What distinguishes this pipeline from conventional model‑free multitask RL is the *single point of truth* for physics: the dynamics model. Because the model is never tied to a specific reward signal, it can safely ingest data from tasks that demand opposite actions in similar states (e.g., “move left” vs. “move right”). This eliminates the destructive interference that would otherwise degrade learning.
Evaluation & Results
To validate EZ‑M, the authors introduced HumanoidBench, a suite of whole‑body control tasks built on a high‑fidelity simulated humanoid.
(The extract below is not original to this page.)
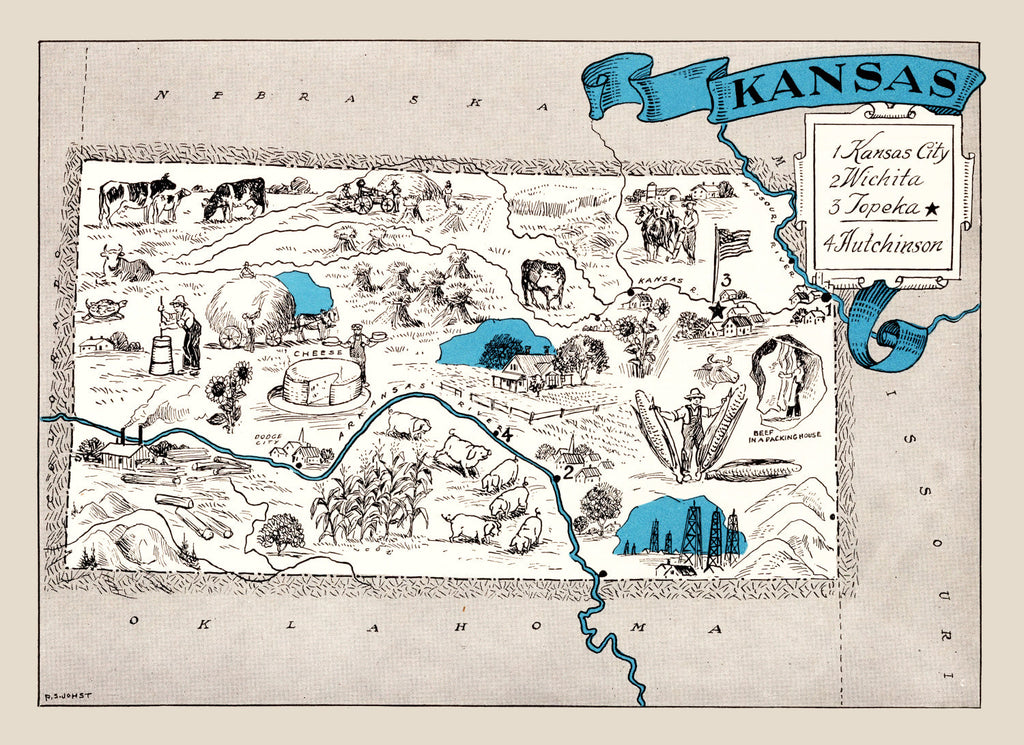 Vintage Map of Kansas 1931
The benchmark includes ten distinct objectives ranging from basic standing to complex acrobatic maneuvers, each requiring coordinated control of over 30 joints.
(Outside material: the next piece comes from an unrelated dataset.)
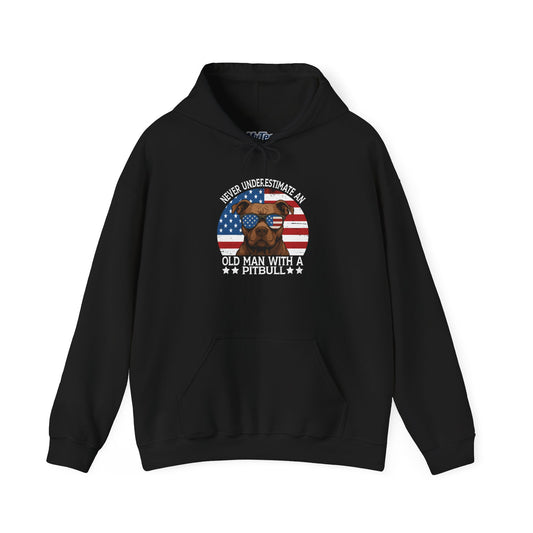 Never Underestimate An Old Man With A Pitbull Hoodie | Gift For Dog Dad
Key experimental findings:
- Sample Efficiency: EZ‑M reached expert‑level performance on 8 out of 10 tasks using fewer than 2 million environment steps, a 4‑fold reduction compared to the strongest model‑free baseline.
- Scalability with Task Count: Adding more tasks consistently improved the dynamics model’s prediction accuracy, even when the total number of samples remained constant.
- Robustness to Conflict: In paired tasks with opposite optimal actions (e.g., “walk forward” vs. “walk backward”), EZ‑M maintained stable learning curves, whereas model‑free multitask agents exhibited severe performance drops.
- Parameter Economy: EZ‑M achieved these gains without resorting to billion‑parameter networks; a modest 120 M‑parameter model sufficed, underscoring that task diversity, not sheer size, drives the improvements.
These results collectively demonstrate that task scaling can serve as a practical lever for accelerating embodied learning, confirming the authors’ hypothesis that shared dynamics are a natural regularizer for MBRL.
Why This Matters for AI Systems and Agents
For practitioners building real‑world robotic platforms, EZ‑M offers a concrete pathway to reduce the costly data collection phase that traditionally dominates development timelines. By leveraging a single dynamics model across many behaviors, engineers can:
- Deploy new skills with minimal additional training, accelerating product iteration cycles.
- Maintain a unified simulation‑to‑real pipeline, since the dynamics model can be fine‑tuned with a few real‑world rollouts and instantly benefit all existing policies.
- Integrate with existing orchestration frameworks that schedule tasks, enabling automated curriculum generation at scale.
In the broader AI ecosystem, the paper’s insights align with emerging trends in modular robotics platforms, where interchangeable skill modules rely on a common perception‑action backbone. EZ‑M’s task‑centric planning also dovetails with multi‑agent coordination strategies, suggesting that a shared world model could serve multiple agents operating in the same environment without redundant learning.
What Comes Next
While EZ‑M marks a significant step forward, several open challenges remain:
- Real‑World Transfer: The current evaluation is confined to simulation. Bridging the sim‑to‑real gap will require robust domain randomization or online adaptation mechanisms.
- Task Definition Granularity: Determining the optimal granularity of tasks (fine‑grained primitives vs. coarse‑grained goals) is still an open research question that impacts both data efficiency and planner complexity.
- Scalable Planning: As the number of tasks grows, the planner’s computational budget may become a bottleneck. Hierarchical or learned planners could alleviate this pressure.
- Safety Guarantees: In safety‑critical deployments, ensuring that the shared dynamics model does not propagate erroneous predictions across tasks is essential.
Future work may explore integrating EZ‑M with multi‑agent orchestration layers that dynamically allocate tasks based on robot health, environmental context, or user intent. Additionally, extending the framework to heterogeneous robot fleets—where each robot shares a common dynamics core but differs in morphology—could unlock unprecedented levels of cross‑platform learning.
References
For a complete technical description, see the original preprint: Scaling Tasks, Not Samples: Mastering Humanoid Control through Multi‑Task Model‑Based Reinforcement Learning.